Antibody-dependent enhancement of SARS-CoV-2 spike binding to human ACE2 receptor by virus neutralizing antibodies

Abstract

Abstract Severe acute respiratory syndrome coronavirus 2 (SARS-CoV-2) and its associated disease COVID-19 has caused over 275 million cases of illness and over 5 million deaths as of December 2021. The spike glycoproteins expressed on surface of the SARS-CoV-2 particle are the primary target of both vaccination and monoclonal antibody therapies. Widely reported evidence suggests that a subset of both naturally produced and synthetic antibodies (Abs) enhance infection, a phenomenon known as antibody-dependent enhancement (ADE). Recently, it has been demonstrated that the mechanism by which some Abs may elicit ADE is by enhancing the binding affinity of SARS-CoV-2 spike to its ligand - the human ACE2 receptor. Using in vitro spike-ACE2 binding assays, we identified two Abs which demonstrated ADE for spike/human ACE2 binding. Surprisingly, these binding-enhancing antibodies sufficiently neutralized SARS-CoV-2 pseudo-virus infection in human ACE2-knockin 293T cells, as well as live virus infection in Vero-E6 (non-human primate cell line) and Calu-3 (human cell line) cells in vitro.

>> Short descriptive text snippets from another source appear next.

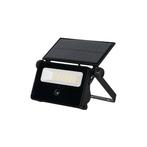 LED Bouwlamp op Solar | Bewegingssensor | 20 Watt, Ophalen of Verzenden, Nieuw, 50 tot 200 watt, Armatuur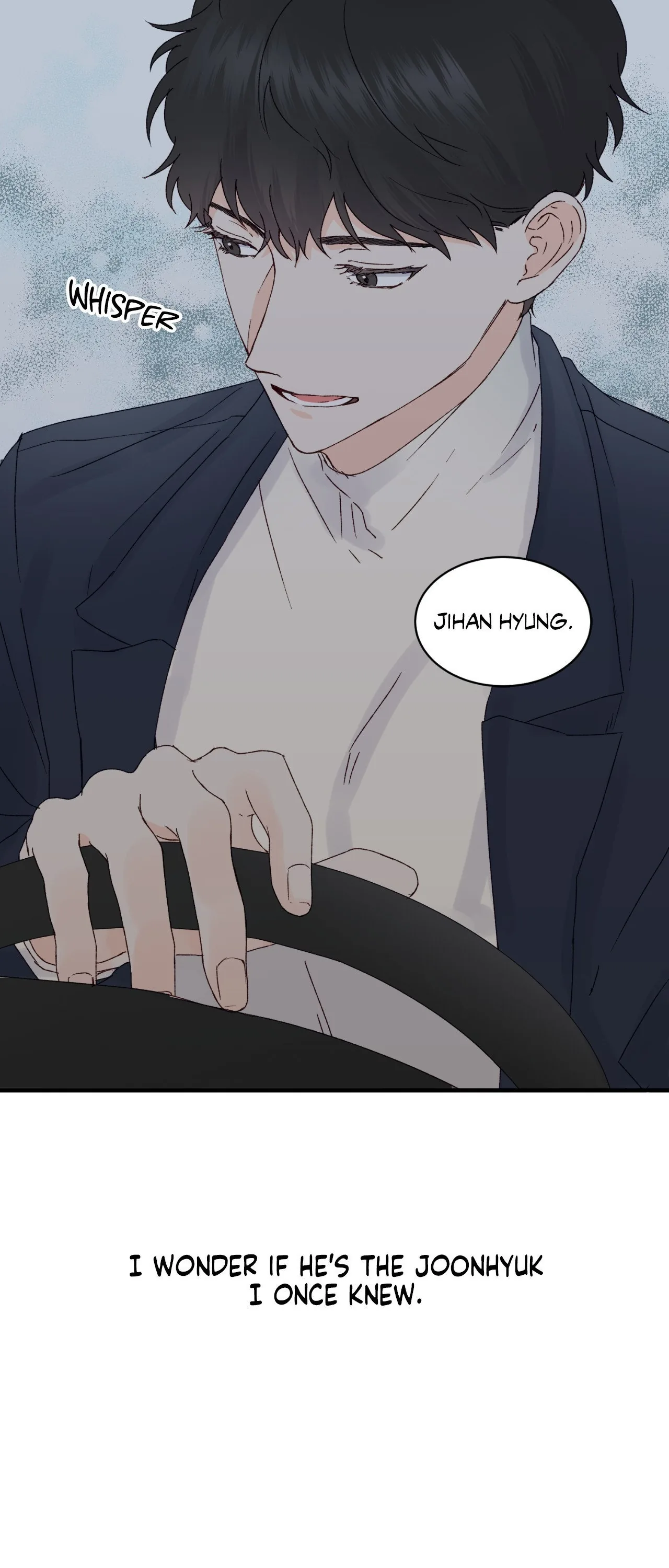 A Chance Encounter Chapter 0 page 14 - 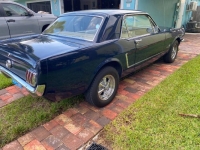 1965 Ford Mustang for sale in Michigan (ID-120573)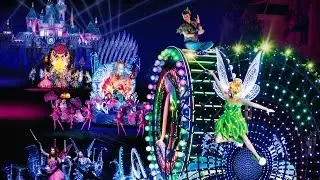 Paint The Night Parade Full Show 4K Ultra HD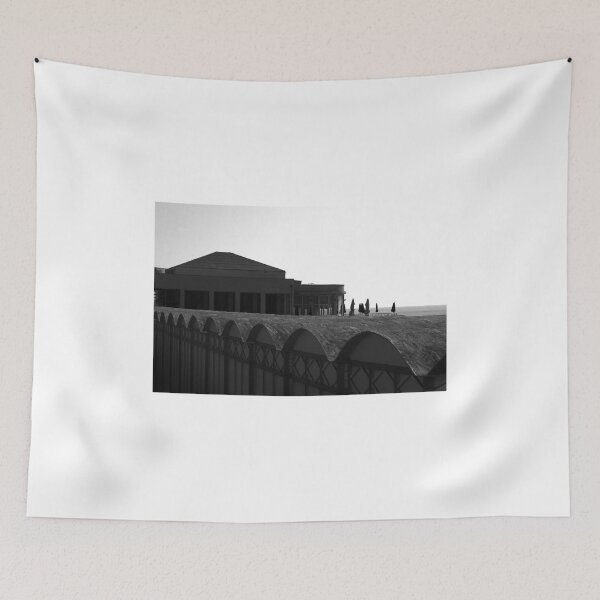 Item preview, Ostia seafront: cabins designed and sold by Giuseppe Cocco.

Furthermore, these receptor-binding enhancing antibodies significantly reduce but not enhance signs of SARS-CoV-2 infection in human ACE2-knockin mice, including viral replication and tissue pathology. Taken together, our data suggest a discrepancy between results of in vitro spike/receptor binding assay and virus neutralization assays for SARS-CoV-2 infection. Enhanced spike binding to host receptors is not a reliable measure of screening for ADE antibodies, but may be a mechanism by which virus neutralization is achieved in nature. This work was supported in part by grants from the National Institutes of Health (R01 AI151139, R56 AI146226 and P20 GM130555). W. Huang also received research support from MegaRobo Technologies Corporation.